NOTICE OF ANNUAL GENERAL MEETING

NOTICE IS HEREBY GIVEN that an Annual General Meeting of the members of Tonic Industries Holdings Limited (the "Company") will be held at World Trade Centre Club Hong Kong of 38th Floor, World Trade Centre, 280 Gloucester Road, Causeway Bay, Hong Kong on Wednesday, 16 September 1998 at 3:00 p.m. for the following purposes:

1. To receive and consider the Audited Consolidated Financial Statements and the Reports of the Directors and of the Auditors for the year ended 31 March 1998.

2. To declare a final dividend.

3. To re-elect Directors and to authorise the Board of Directors to fix the Directors' remuneration.

4. To re-appoint Auditors and to authorise the Board of Directors to fix their remuneration.

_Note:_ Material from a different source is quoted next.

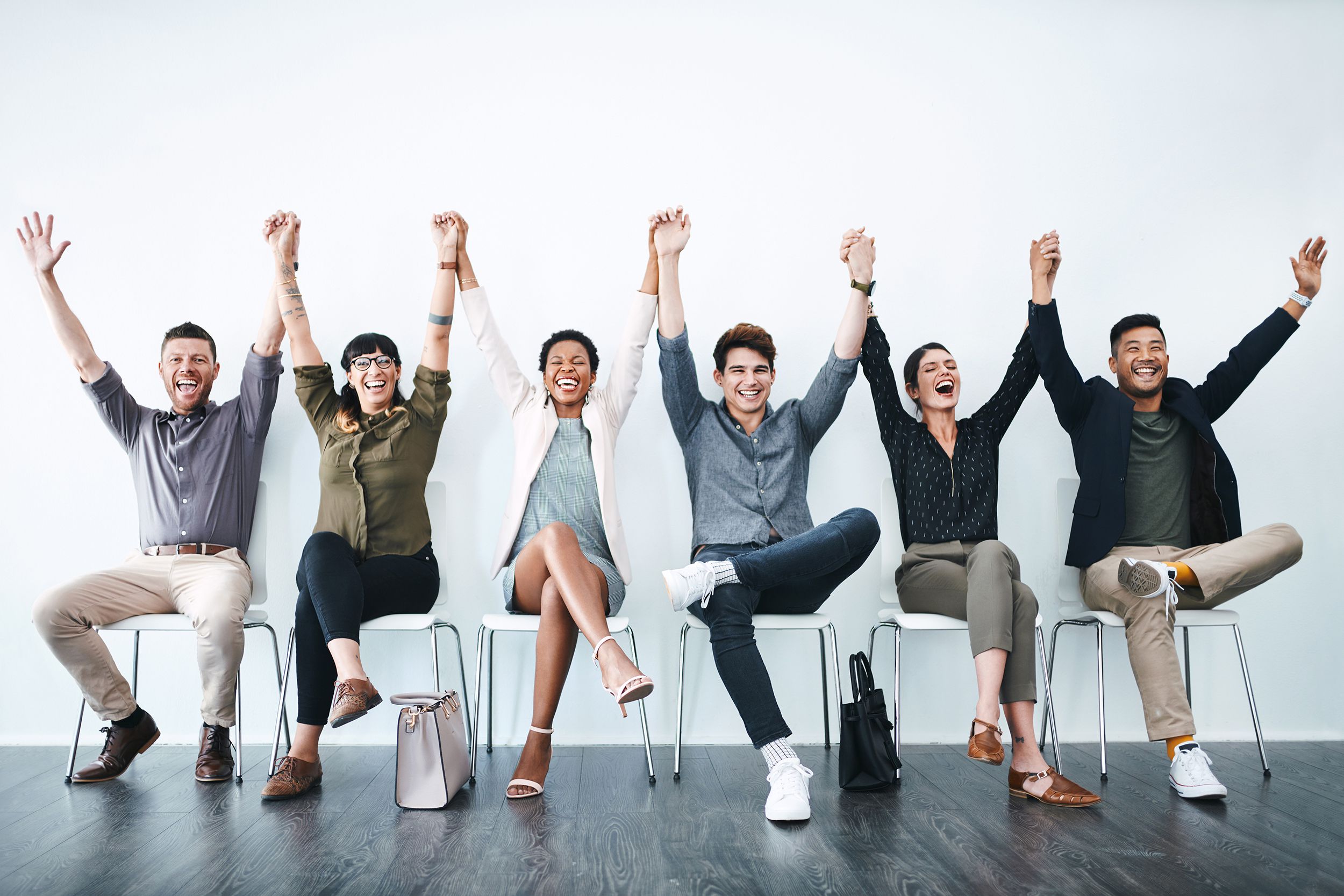 people with hands up, while sitting down all waiting for an interview
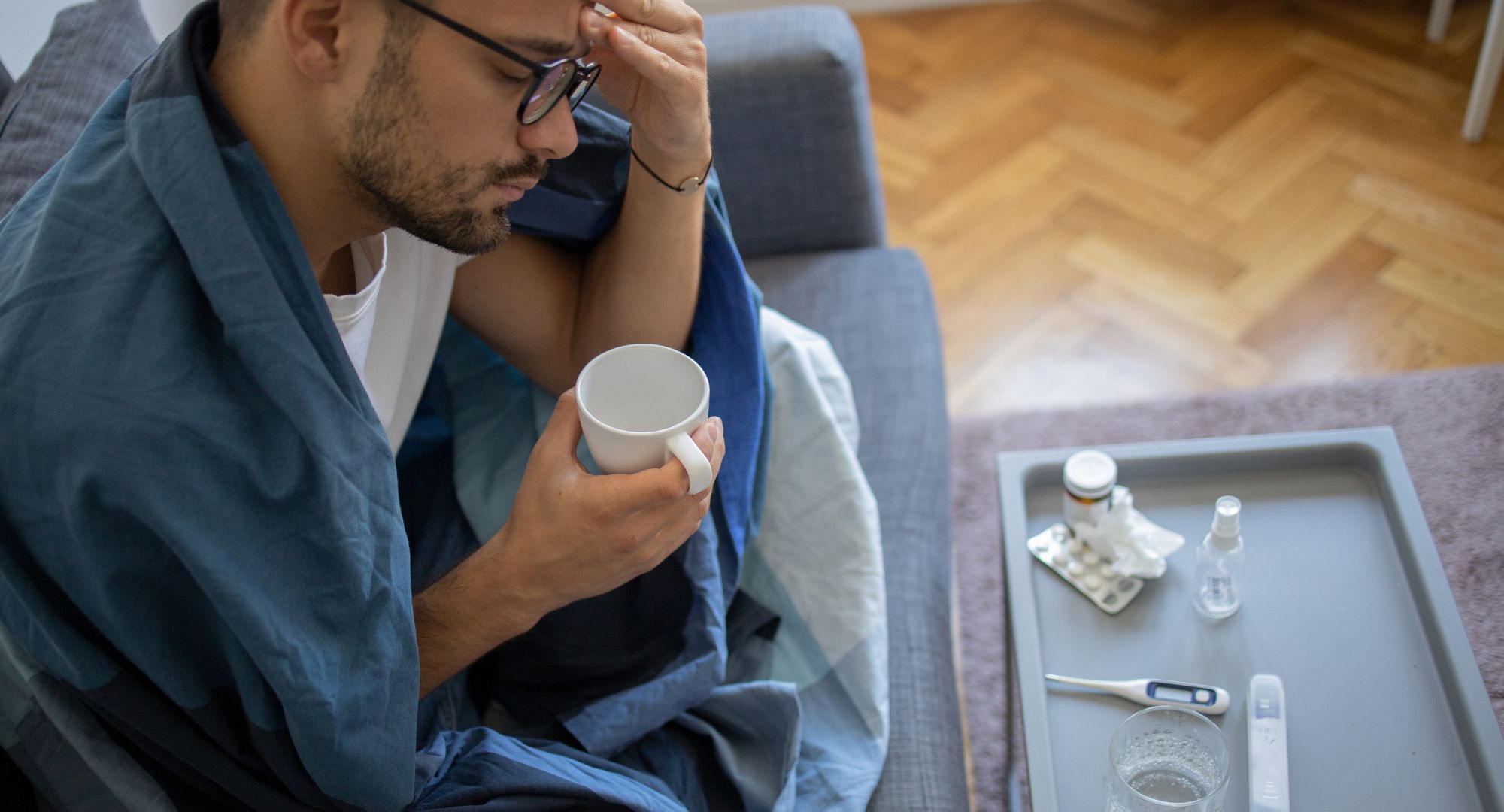 Man hunched over with a cold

5. As special business, to consider and, if thought fit, pass with or without modification the following resolution as an Ordinary Resolution:

"THAT subject to and conditional upon the Listing Committee of The Stock Exchange of Hong Kong Limited (the "Stock Exchange") granting listing of, and permission to deal in, the new shares of HK$0.10 each in the capital of the Company ("Shares") to be issued pursuant to this resolution ("Bonus Shares"), upon the recommendation of the directors of the Company ("Directors"), a sum of HK$11,520,000 being part of the amount standing to the credit of the share premium account of the Company, or such greater sum as shall be necessary to give effect to the issue of the Bonus Shares, be capitalised and the Directors be and are hereby authorised to apply such sum in paying up in full at par such number of Bonus Shares to be allotted and credited as fully paid to the shareholders of the Company whose names appear on the register of members of the Company on 16 September 1998 ("Record Date") on the basis of two Bonus Shares for every five Shares held by such shareholders on the Record Date and that the Bonus Shares shall rank pari passu in all respects with the existing issued Shares and fractional entitlements to the Bonus Shares shall not be issued but shall be aggregated and sold for the benefit of the Company."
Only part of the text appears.